Not only do some industries find ways to milk the people by keeping prices high, but they even skimp on the goods by decreasing quantity, and that is a shame. For instance, "Kraft raised the wholesale price of a box of its staple macaroni and cheese an average of 9% in the last year, according to several supermarket chains, despite 38% to 68% plunges in cheese and wheat prices. These increases factor in the growing practice by the manufacturers of shrinking the weight of the contents without reducing wholesale prices."
So not only have the manufacturers gotten over on profits, but maintains larger inventory as well. And in a supply and demand system, the higher inventory you have, the higher you can charge when it is in demand.
"It's disingenuous to consumers that all commodity costs are coming down, interest rates are coming down, everything is coming down, and [the national brands] are taking their prices up," Steven Burd, chief executive of Vons owner Safeway Inc., told investors.
When families head to the grocery stores to get food for their families, grocery bills are as high as they were two years ago at the peak of the oil crises. The average grocery bill increased from around $400 to $625 a month, and is now averaging around $550 a month, despite the drop in everything else. So who is getting over and who is hurting?
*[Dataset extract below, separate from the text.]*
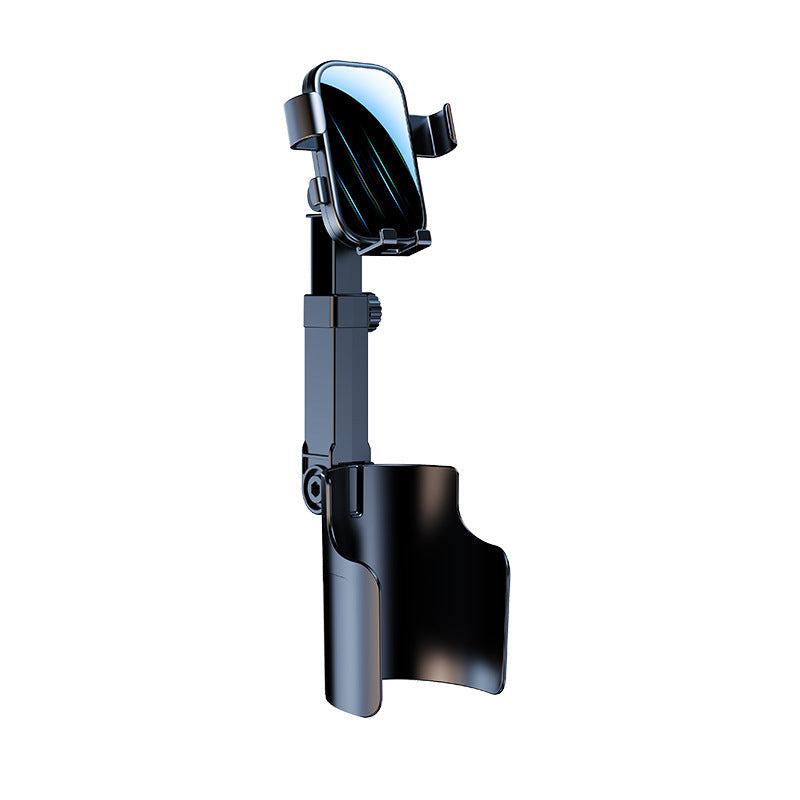 Support de téléphone pour porte-gobelet de voiture - réglable à 360°, puissant aimant N52, utilisation à une main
The news media have not brought this issue to the attention of the public or politicians because they are more focused on the bigger corporations, and certainly no politicians have addressed the problem, so we can assume that the reason is that food manufacturers' have a stake in the game somewhere along the political line.
"It is only recently that we have seen some price decreases for certain commodities, such as milk, butter, wheat, corn, soybeans and edible and mineral oils, but most of these still remain above historical averages," said Dean Mastrojohn, spokesman for Unilever U.S. "We also see prices for certain commodities that we use, such as beef extract, tomatoes and tea, continuing to increase."
So not only have prices not decreased, but some are even continuing to increase. Of course spokespersons will claim some free market economic formula to justify why prices are still high and how they are caught in the middle and cannot reduce prices for the consumer just yet, but who among us have not looked between the lines for what situations like this really say. That companies bilk the public every chance they get.
Countries around the world are suffering food shortages. People are dying, children are starving, cities and towns are in shortage and America and global business people are playing the same games of monopoly in order to get rich and send their kids to college, so they too, can learn the trades of greed, indifference, and secret wealth.
So once again we see the practices of free market capitalism working as an underground cartel.